WHAT IS NEEDED –
Please copy, word for word, the line holding "السعر (98 )والشراي يدلل" and each line that follows it through the end of the entries, omitting any pictures.

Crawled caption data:
★ ★ ★ ★

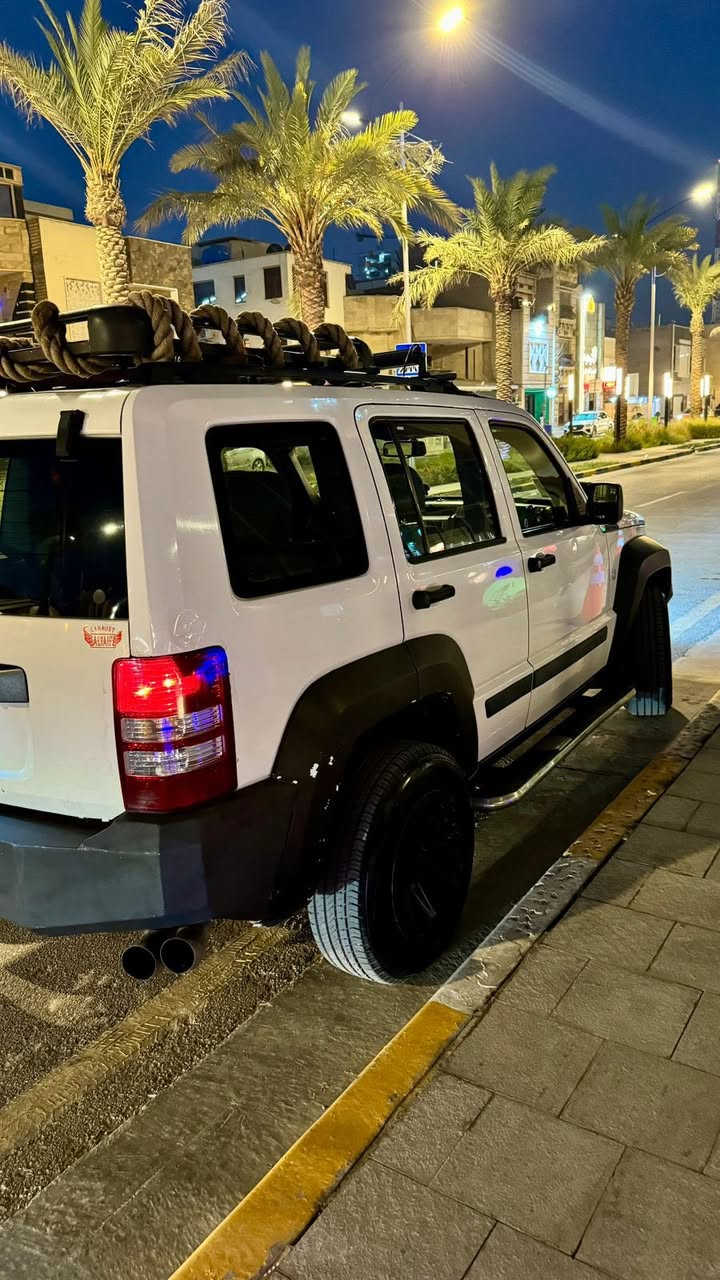 السلام عليكم جيب ليبرتي 2010 جاهزه من كلشي بيهه بابين  صبغ (تقرير موجود )(مزودة) مكينه گير جديد حداديه نظيفه سنويه 26 تنتهي بشهر ل6 السياره عدي بيهه وكاله راعيه بغداد مكاني بالبصرة 
***********
السعر (98 )والشراي يدلل
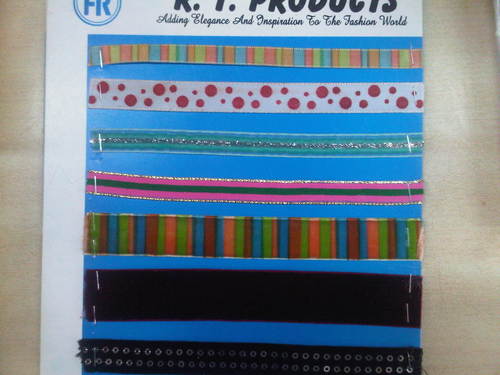 मल्टीकलर प्रिंटेड और डाईड वेलव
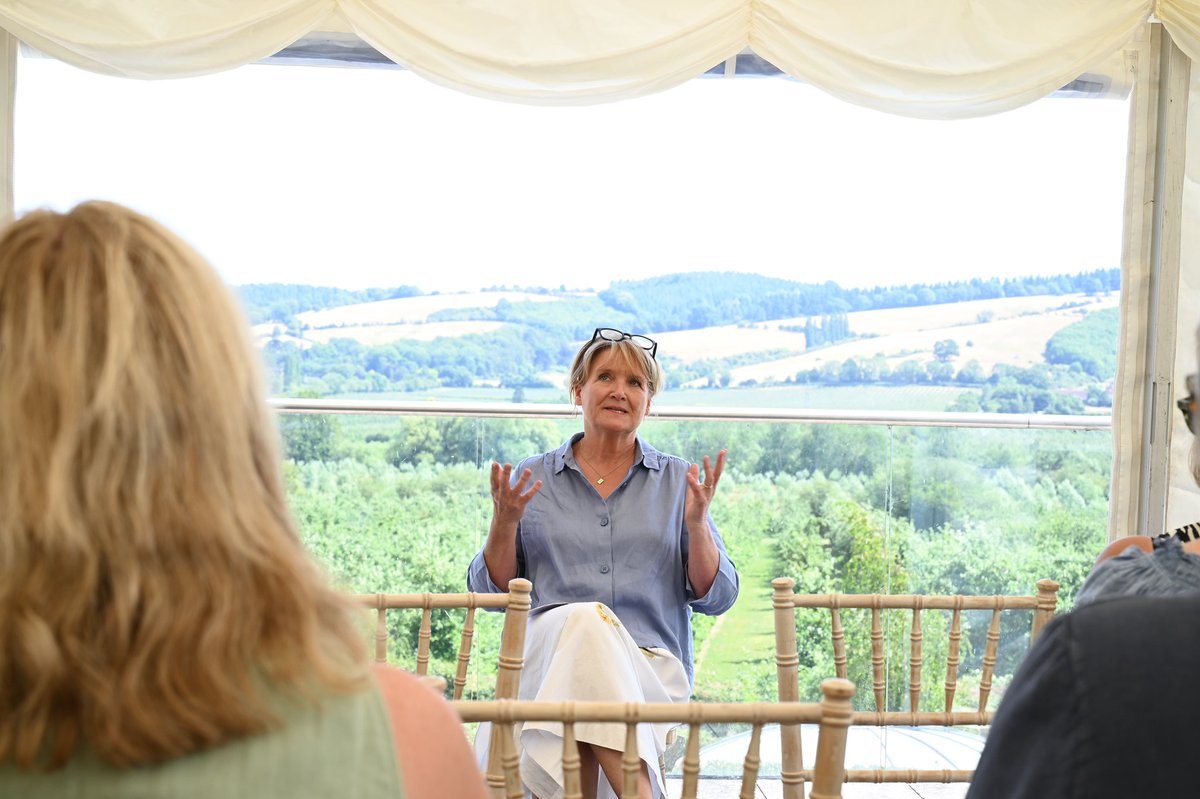 StMichaelsHosp's tweet photo. A wonderful afternoon with acclaimed author Jane Sanderson 📚💛

Thank you to Jane for sharing the stories behind her bestselling novels, and to everyone who joined us.

💬 Have you read one of Jane's books? Which is your favourite? 📖 https://t.co/h7MONF7UX6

★ ★ ★ ★

SOLUTION –
السعر (98 )والشراي يدلل
 मल्टीकलर प्रिंटेड और डाईड वेलव
 StMichaelsHosp's tweet photo. A wonderful afternoon with acclaimed author Jane Sanderson 📚💛

Thank you to Jane for sharing the stories behind her bestselling novels, and to everyone who joined us.

💬 Have you read one of Jane's books? Which is your favourite? 📖 https://t.co/h7MONF7UX6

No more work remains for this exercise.